The other day I had half a bag kale, a container of mushrooms that were on their last leg, a random roma tomato and about a 1/3 container of cherry tomatoes hanging out in the kitchen. First thought was omelets but that’s too hard because I can never flip them or keep them from falling apart. Plain sauteed vegetables with some protein side didn’t really sound appetizing. Next logical step was frittata. They are quick, easy, and delicious. Plus they make great leftovers!
I sauteed up the veggie, added the eggs, a few seasoning and some cheese then let it cook up first on the stove top then under the broiler. The whole dinner took about 20 minutes from start to finish. It helped that the kale and mushrooms were pre-cut. Frittatas are versatile, use what you have on hand! I had some Parmesan and some scamorza cheese. The scamorza cheese is a wonderful melty Italian cheese that I bought for pizza. We have a ton of it leftover after making our one small pizza. It added a fun stringy, melty, gooey aspect to our frittata. Sooo good.

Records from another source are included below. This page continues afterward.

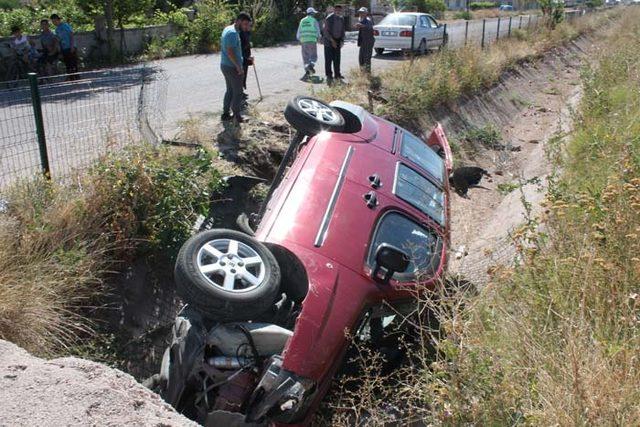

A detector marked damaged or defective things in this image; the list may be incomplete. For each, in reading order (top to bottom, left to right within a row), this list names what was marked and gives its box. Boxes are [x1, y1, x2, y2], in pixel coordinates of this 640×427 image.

exposed tire [284, 96, 344, 135]
exposed tire [175, 229, 280, 322]
overturned red suv [158, 98, 452, 427]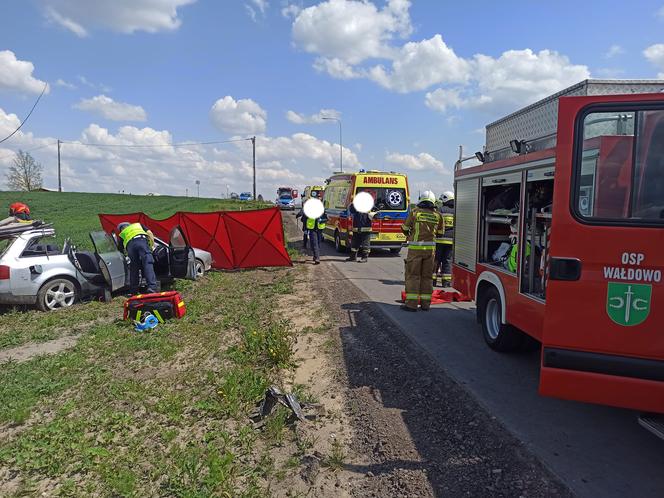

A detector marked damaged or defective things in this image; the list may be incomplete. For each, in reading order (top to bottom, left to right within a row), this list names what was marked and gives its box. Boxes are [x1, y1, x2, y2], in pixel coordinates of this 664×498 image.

crashed silver car [0, 227, 210, 312]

Veggie Fritatta with Kale, Mushrooms, and Tomatoes (serves 6)
- 8 eggs
- 1/4 cup milk (I used skim)
- 3.5 cups Kale
- 1 pint sliced mushrooms
- about 1 cup tomatoes diced (I used 1/3 container of cherry tomatoes and 1 small roma tomato)
- 1.5 Tbsp canola oil
- 1 ounce shredded parmesan
- 1.5 oz scamorza cheese
- 1/2 tsp garlic powder
- 1/4 tsp dried minced onion
- salt and pepper to taste
1. Using a large oven safe skillet (I used my cast iron skillet), heat the canola oil over medium-high heat. Once heated, throw in the mushrooms and tomatoes. Season with salt, pepper, and minced onion
2. Beat the eggs with the milk, and garlic powder. Add in the cheeses
3. Once the mushrooms and tomatoes are cooked thoroughly, add in the kale and let wilt for 2-3 minutes. Stir frequently
4. Add in the egg and cheese mixture and distribute evenly
5. Cook for about 2-3 minutes on medium-high heat.
6. Turn on your broiler and pop the entire pan in the oven about about 6-7 minutes. Watch carefully and rotate your pan as needed to avoid burning. Mine took 6 minutes until the eggs were set.

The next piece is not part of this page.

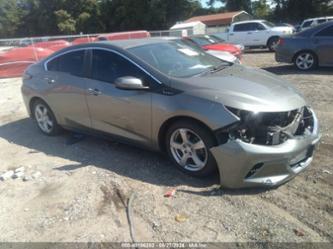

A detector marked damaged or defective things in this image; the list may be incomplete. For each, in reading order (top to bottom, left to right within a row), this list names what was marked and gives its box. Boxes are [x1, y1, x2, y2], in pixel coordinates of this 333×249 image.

damaged front bumper [210, 108, 320, 188]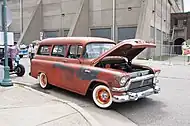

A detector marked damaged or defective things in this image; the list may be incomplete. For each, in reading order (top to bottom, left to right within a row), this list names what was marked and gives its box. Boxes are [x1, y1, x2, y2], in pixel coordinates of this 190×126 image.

rusty station wagon [29, 36, 160, 108]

7. Let sit for a couple minutes before cutting into the frittata. Serve with a side salad or fruit.
We also like ours with some ketchup and mayonnaise. This comes from when we spent a semester in Spain and would have tortilla de patata. It was always served with mayo and ketchup. Alex’s senora would send him and his roommate Andy on trips with tortilla on french bread with mayo as a travel meal. Frittata leftovers are wonderful this way too. Give it a try. Absolutely delicious.
What are you favorite frittata ingredients? Do you have a go to weeknight meals that shows up regularly in your meal rotation?